Wissen

Was ist für uns Menschen notwendig, zu wissen? Meines Erachtens nach gibt es verschiedene Arten des Wissens. Da ist einmal das ‚Wissen‘, das Tiere haben. Also alles, was sie brauchen, um zu leben. Das brauchen wir auch.

Das reicht vom notwendigen Wissen der Nahrungsaufnahme bis zu dem Wissen über die notwendige Gesellschaftsform, um sich gegen andere Arten behaupten zu können. Diese Wissensarten könnte man mit meinem Wissen über einen PC vergleichen. Den Text, den ich da gerade bearbeite, kann ich lesen und fortsetzen. Vielleicht später auch verschicken oder in einen Blog stellen.

Doch was in den Tiefen meines PCs passiert, das weiß ich nur sehr, sehr bedingt. Eigentlich gar nichts, nur ein bisschen Theorie, ohne jegliche Erfahrung darüber. Geht etwas kaputt, muss ich einen Fachmann zu Rate ziehen.

So ist es bei sehr vielen Dingen. Nur weil ich sie benutzen kann bedeutet das nicht, dass ich auch wüsste, wie sie genau funktionieren. Nur ist das nicht nur mit Dingen so, mit mir selbst ist es auch genau so. Ich kann schon lange laufen, aber was da genau in mir passiert, konnte ich überhaupt nicht sagen.
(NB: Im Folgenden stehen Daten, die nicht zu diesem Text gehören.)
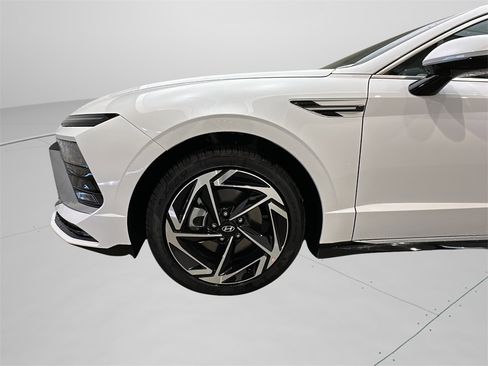 New 2026 Hyundai Sonata SEL image 3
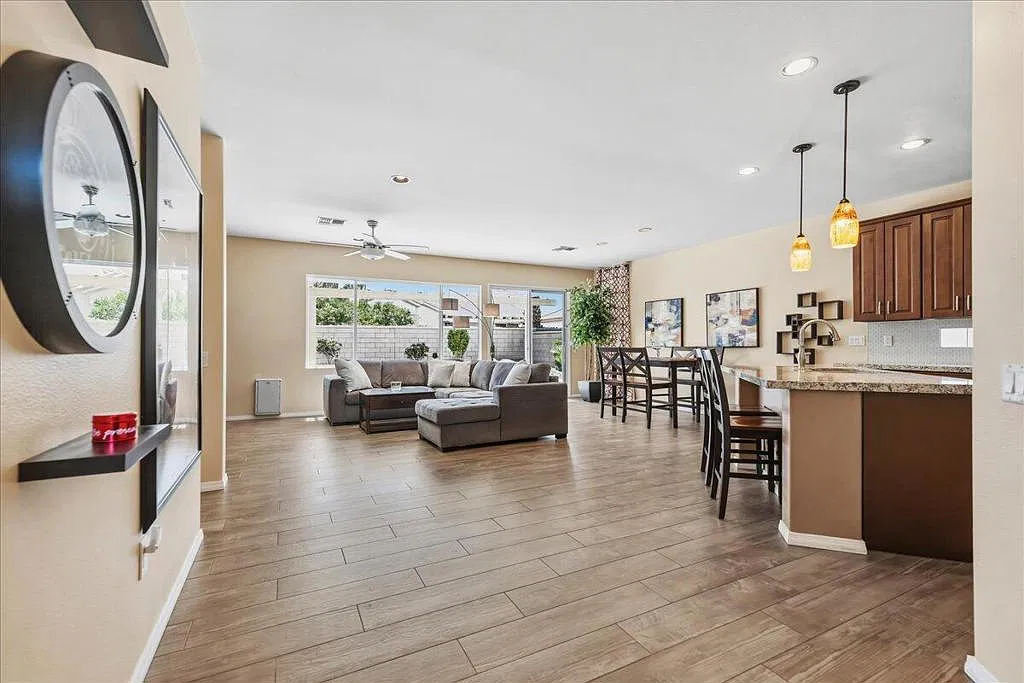 3 bed, 1664 sqft, $3,000 — Photo 4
Ich hatte keine Ahnung, wie ich mich selbst organisiere. Mittlerweile weiß ich ein bisschen mehr; aber nur sehr, sehr oberflächlich. Vor allem habe ich keine Ahnung was in mir passieren muss, damit ich die Entscheidung treffe, die mich laufen lassen.
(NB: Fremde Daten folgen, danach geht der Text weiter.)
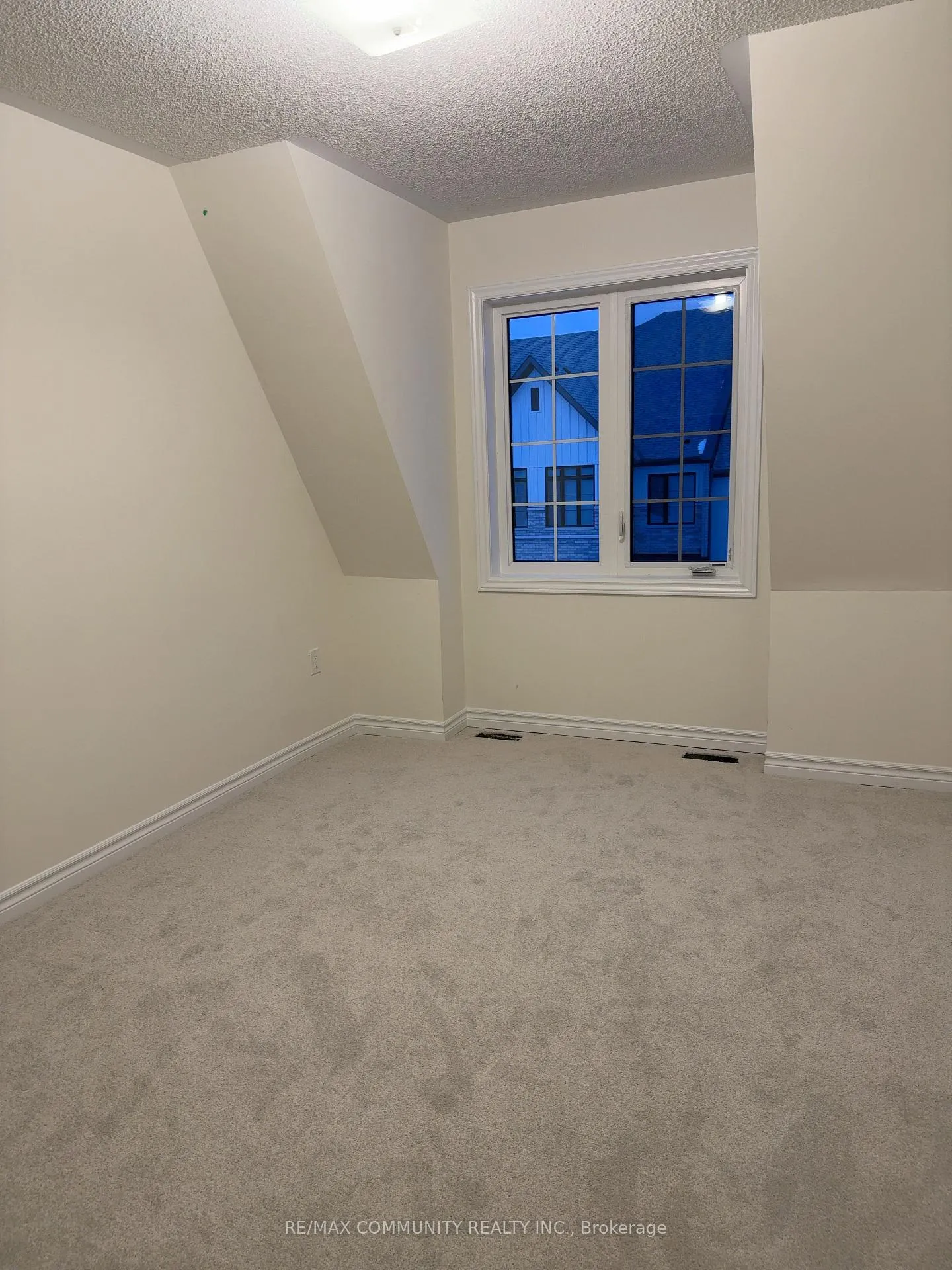 Photo 12 of 2634 Aprico Lane, Pickering, Liverpool — HOMEH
Wenn ich jedoch beispielsweise immer wieder Migräne habe, dann hilft es zwar erst einmal, eine Schmerzpille einzuwerfen, nur löst das das Problem nicht. Dazu müsste ich wissen, was die Migräne auslöst. Oder Heuschnupfen. Oder Allergien. Die Liste ist lang.

Will ich solche Problem ernsthaft lösen, muss ich mehr über meine interne Organisation wissen. Da genügt es nicht mehr – um bei Dem Beispiel des PC zu bleiben – gebannt auf den Bildschirm zu schauen. Da muss ich dann ans Eingemachte.

Unsere Lebensgestaltung ist weit über das ehemals Natürliche hinausgewachsen. Und das ist die Folge mancher meiner Erkrankungen, denn ich habe mich nicht gut genug an meine Lebenssituation angepasst. Oder ich tue ganz einfach Dinge, die ich nicht tun sollte.

Wir haben als Menschheit, wenn man so will, den Deckel der Büchse der Pandora aufgemacht und mehr als nur einen Blick hineingeworfen. Nur lässt sich der Deckel nicht mehr so einfach schließen. Genau genommen überhaupt nicht. Damit müssen wir lernen zu leben.

Wenn ich den Rechner, um darauf zurückzukommen, den ich vor 40 Jahren mein eigen nannte mit meinem heute vergleiche, dann besteht da ein gewaltiger Unterschied. Ich kann nichts mehr selbst machen. Doch sollte ich wenigstens wissen, wie er funktioniert, um nicht ungewollt Probleme zu verursachen.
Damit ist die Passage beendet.